電通は休みへの理解が進み、男性育休取得率が103%!

   J‐CASTニュースBiz編集部は、調査を行なったオープンワーク広報担当者に話を聞いた。

――今回、電通が1位ですが、過去に女性新入社員の過労自殺事件(2015年)があったり、最近でも東京五輪の談合事件(2025年1月、一審有罪)があったりと、過去にはあまり企業イメージがよくありませんでした。しかし今は、「働き方改革」がかなり進んでいるということでしょうか。また、2025年2月13日に電通自身が発表した子育て世代支援のプレスリリースによると、男性従業員の育休取得率が103.1%に、平均取得日数が67.1日に向上したとのことです。

広報担当者 1位の電通に寄せられたクチコミからは、「担当のクライアント次第によって左右される」などの声が見られるものの、働き方改革の進展やコロナ禍をきっかけとしたリモートワークの定着によって働き方が大きく改善していることがうかがえます。

実際、OpenWorkに投稿された平均残業時間は、2015年度の月46時間から24年度の月34時間に減少しています。休暇に関する制度や仕組みだけでなく、「休むことに対する上司や同僚の理解がある」といった職場のソフト面に対するクチコミが見られます。

電通「以前の会社イメージと全く異なり、労働時間や休暇取得に関してシビアに管理されており、極端な長時間残業等はほぼない状況。会社出社も義務ではないため、自宅でのリモートを中心とした仕事形態を選択している社員も大勢いる。休暇も取りやすい雰囲気になっており、まとまった休みも気兼ねなく取れる状況になっている」(マネジャー)

電通「有給奨励日が設定されていたり、全社で休む日が設定されていたり、繁忙期でなければ休みやすい。先輩社員を見ていても、5日間ほどで海外旅行に行かれている方も多く、休みを取っても嫌な顔をされたり、嫌な雰囲気になったりすることはない。ただ、さまざまな案件が重なっている時期は忙しそうにしている方が多いので、時期によって忙しさに変動はある」(マーケティング)

電通「お互い助け合いながら休暇や時間を調整したりできるため、ワークライフバランスは取りやすい」(マネジャー)

外資系は、社員のキャリアをサポートする仕組みが充実

――上位20社を見ると、外資系企業が6社もランクインしています。
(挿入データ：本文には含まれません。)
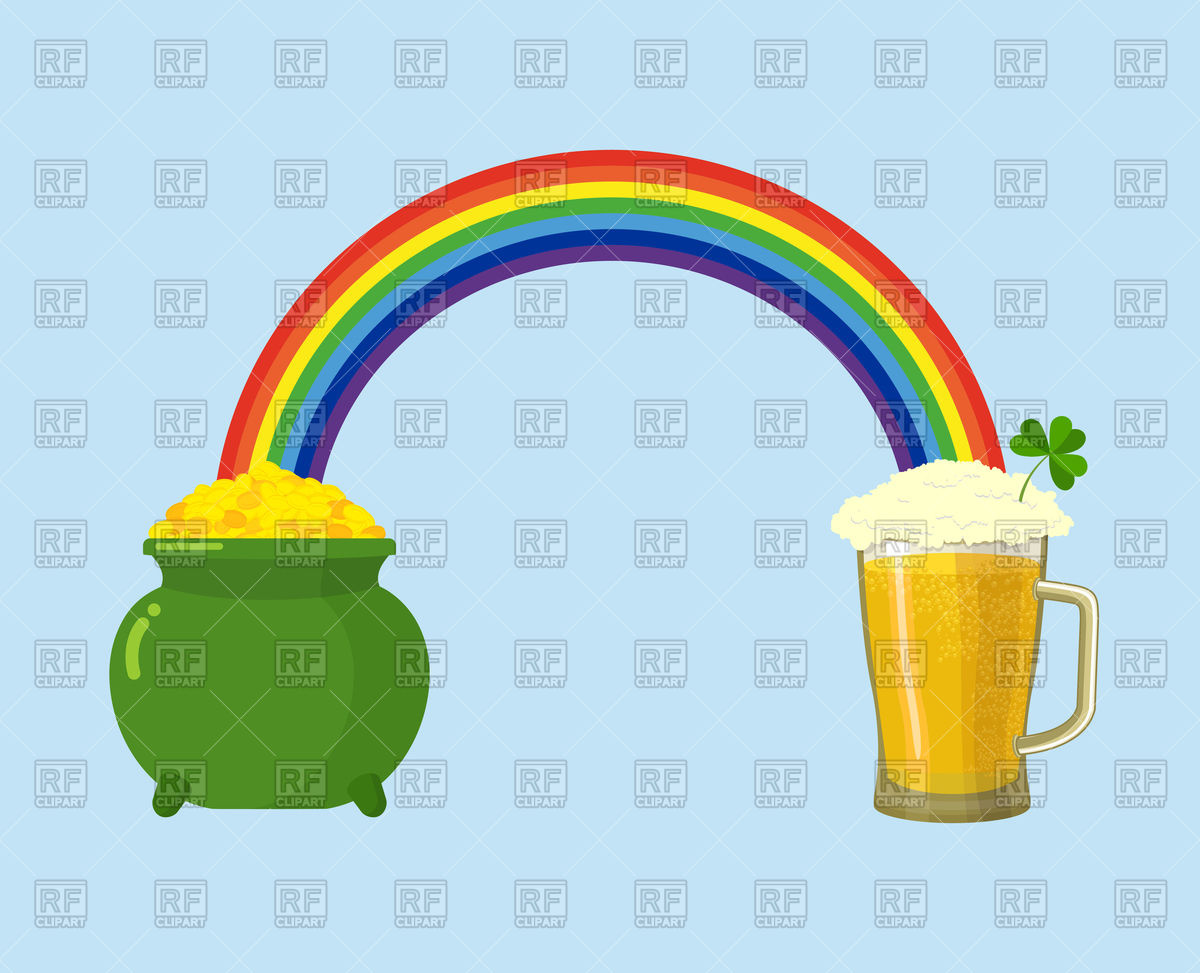 1200x973 Pot Of Gold, Mug Of Beer And Rainbow Vector Image Of Objects
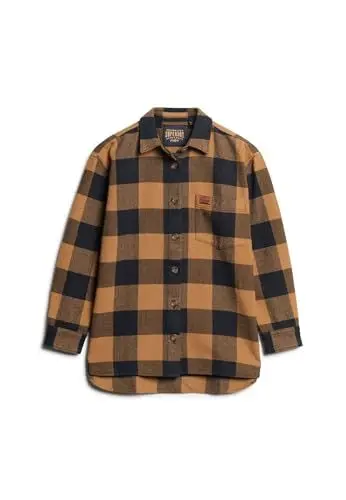 Produktbild: Superdry Damen Karierte Hemdjacke aus Flanell Kamel/Schwarz Buffalo Kariert 36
働きがいがあるとして高く評価される理由は何なのでしょうか。

広報担当者 私たちは8つの指標を5段階で評価していますが、「風通しの良さ」「法令順守意識」「社員の相互尊重」はどちらかといえば「業務を円滑に進めることができる職場環境の良さ(=ほぼ働きやすさ)」に対する指標。一方で「20代成長環境」「人材の長期育成」「人事評価の適正感」「待遇面の満足度」は「社員の成長のモチベーションとなる適正な評価や報酬」といった、いわば「キャリア成長」に対する評価になります。

「働きやすさ」と「キャリア成長」は、どちらも働きがいを持って働くうえで重要で、これらが総合的に高く評価された企業が今回のランキングとなります。外資系企業には、特に社員一人ひとりのキャリアに向き合い、実現するための仕組みやサポートが充実している点が共通して見られました。たとえば、こんなクチコミが代表的です。

PwCコンサルティング「本人が継続的な成長・チャレンジ機会を求めている限りは、上位者やチームはそれにできる限り応えようという風土があると思う。リスキリング等の仕組みとしては他社と遜色ないと思われる」(コンサルタント)

日本マイクロソフト「自分で考えるキャリアプランは非常に大事にされます。将来的にどうしたいか悩みがある場合もマネジャーが寄り添ってくれるので、成長やキャリア開発のきっかけや相談の場は作りやすいです」(テクニカルサポート)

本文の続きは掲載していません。